Companies have been told to stay alert for GDPR ‘chancers’ who deliberately try to identify data breaches in a bid to try and get compensation.
Jan Trevalyan, co-founder and CEO of the DDC Group of companies, says it’s inevitable that some people will attempt to cash in on Europe’s new data privacy law, which came into effect on May 25th 2018.
“I think you will get ‘chancers’; there will be people breaking the law down and looking at different angles to make a case,” he told BusinessCloud. “I don’t know how they’ll make money on it…but I do think it’s inevitable.
“We all used to get emails from ‘Nigeria’ promising us millions. In the last two months I’ve started to get emails from ‘courier companies’ about getting my package back. When you click on the link they ask you for two dollars.”
Companies found breaching the GDPR legislation could be fined up to €20 million or 4 per cent of its annual global turnover.
Paul Knight, partner at law firm Mills & Reeve, agrees that some people will deliberately try to identify data security breaches to claim money directly from a company.
“I think there will be people testing the waters,” he said. “There will undoubtedly be data security breaches happening every day in lots of different organisations, most of which will be very low risk and should be low profile.
“But I think – as much as it pains me to say it – there will be people who are riding on the back of that and testing the waters to see if there’s a data protection breach and try to get compensation.”

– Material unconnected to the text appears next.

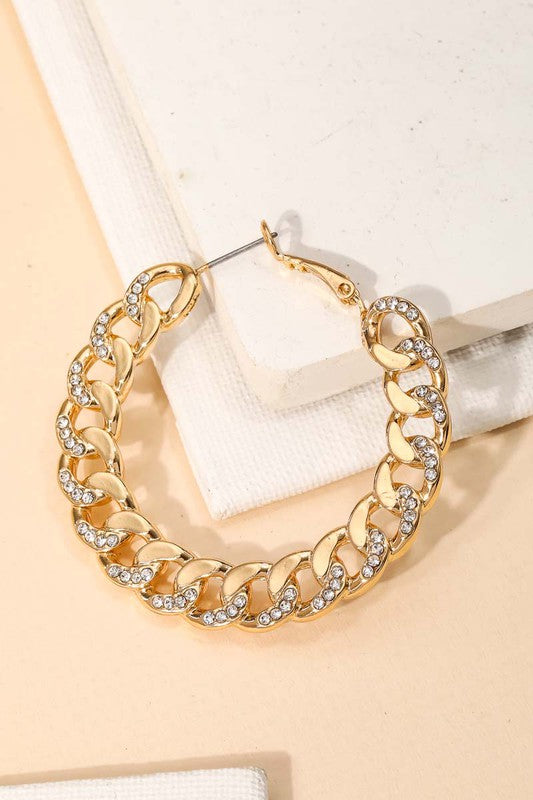 Pave Curb Chain Hoop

Knight’s advice to businesses is to make sure they’re still following all the policies and procedures they put in place in the run up to the GDPR’s 25th May deadline.

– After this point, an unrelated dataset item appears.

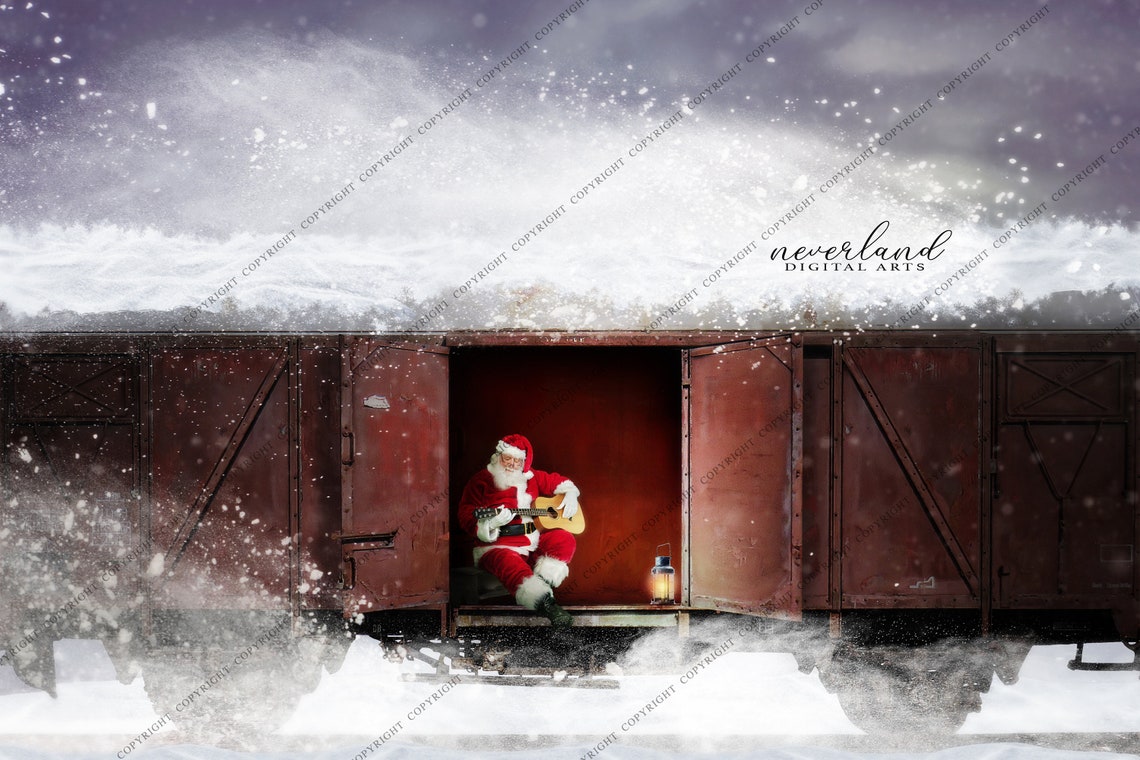 5-pack Santa’s Train / Christmas Background for - Etsy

“Secondly, it’s making sure that whatever they’re doing, they’re only collecting personal data that’s necessary for what they want to do and only storing it in particular, secure places,” he said.

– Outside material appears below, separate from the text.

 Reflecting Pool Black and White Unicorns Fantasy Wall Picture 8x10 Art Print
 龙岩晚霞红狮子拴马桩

“The whole point with GDPR is that you have to provide a lot more information, making it easier for people to test whether you are compliant.
“You don’t need to be that unscrupulous as a ‘chancer’ – you can just be exercising your rights under the GDPR and causing a headache for people.”
Knight and Trevalyan were speaking at BusinessCloud’s ‘Don’t let GDPR be a straitjacket’ roundtable alongside Mel Carlen, head of IT services at Moneypenny; UKFast’s marketing director Kristina McGuirk and head of legal Nicola Frost; and Elizabeth Clark, co-founder and CEO of Dream Agility.